====== Source material ======

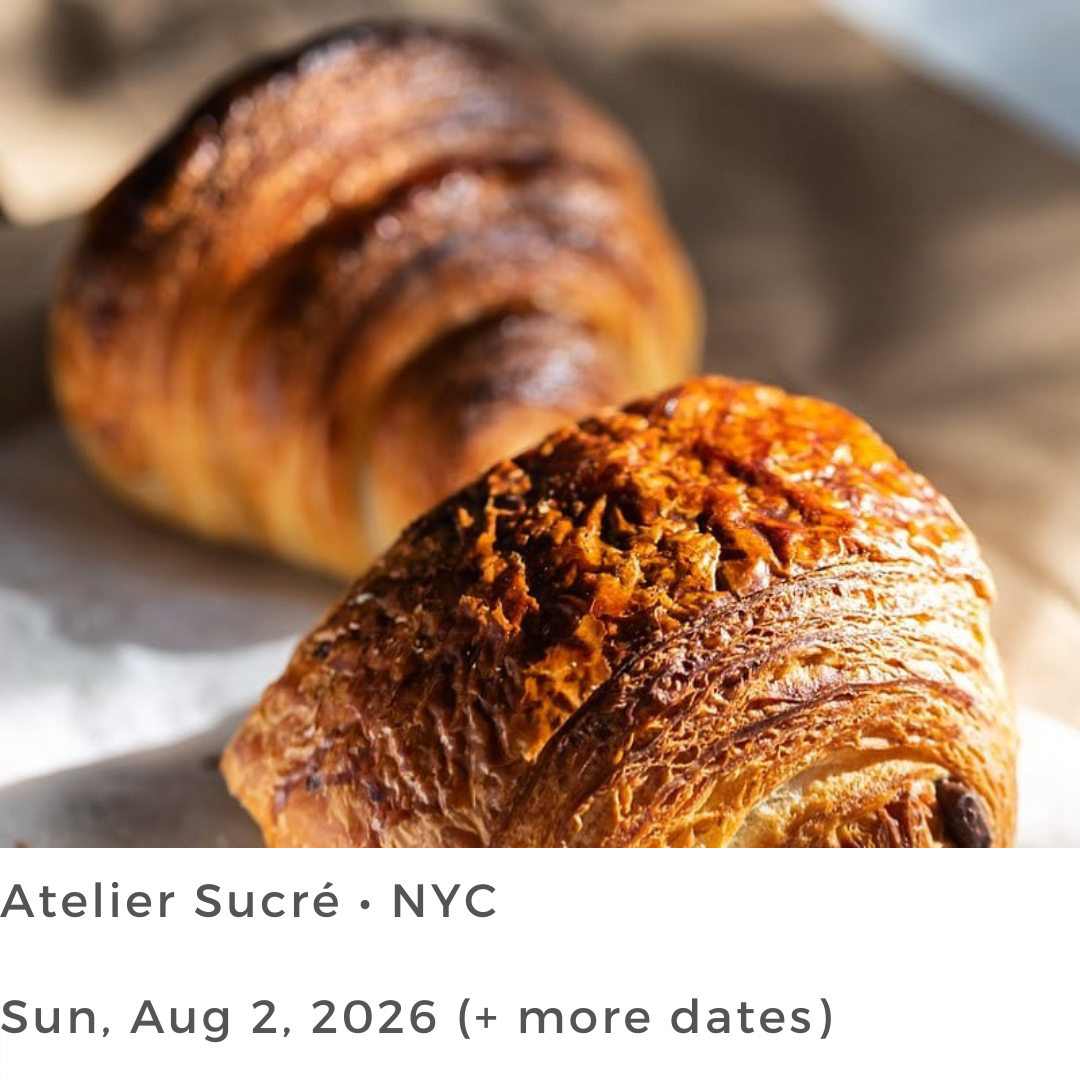 Learn to Make the French Croissant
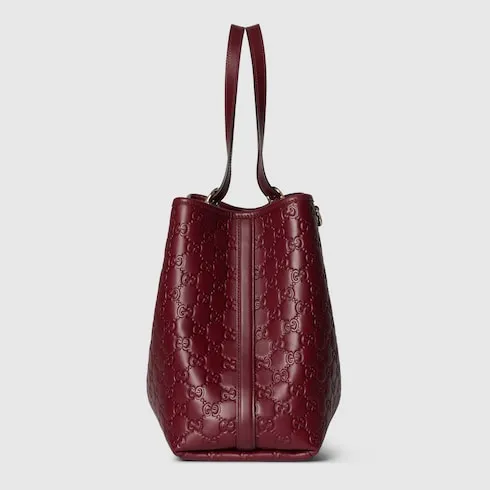 Gg Emblem Large Tote Bag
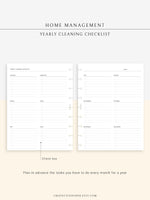 N115 | Home Management & House Maintenance Log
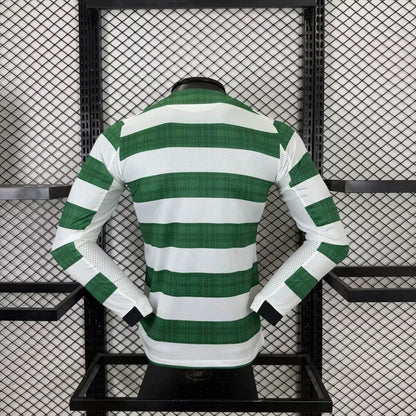 Camisola Manga Comprida Celtic FC 2025-26 Principal Versão Jogador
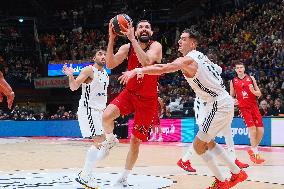 BASKET - Euroleague - EA7 Emporio Armani Milano vs Real Madrid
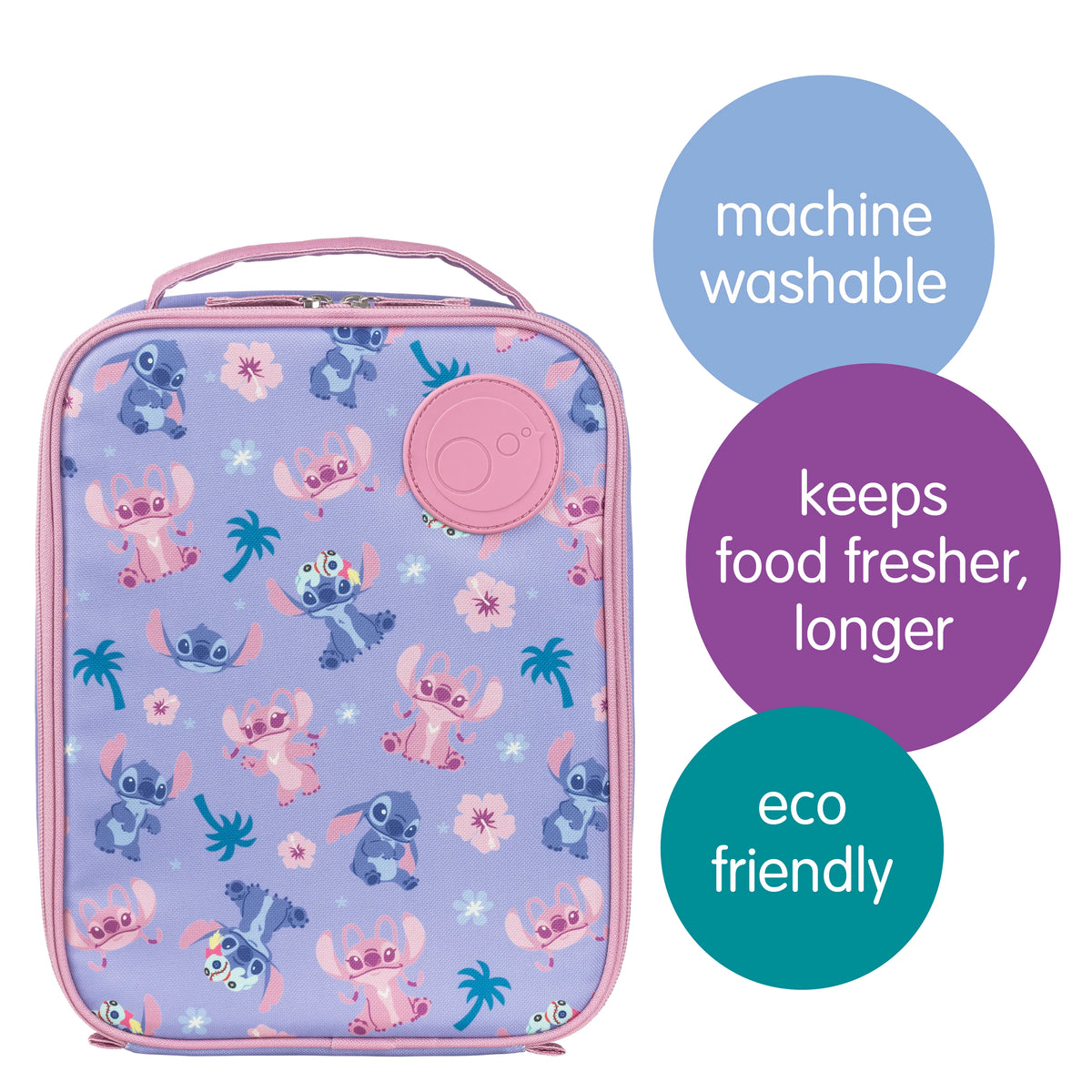 b.box Insulated Lunchbag - Stitch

======

> **Task objective**: Write the entries above out again exactly, omitting each image.

> **Written reply**:
 Learn to Make the French Croissant
 Gg Emblem Large Tote Bag
 N115 | Home Management & House Maintenance Log
 Camisola Manga Comprida Celtic FC 2025-26 Principal Versão Jogador
 BASKET - Euroleague - EA7 Emporio Armani Milano vs Real Madrid
 b.box Insulated Lunchbag - Stitch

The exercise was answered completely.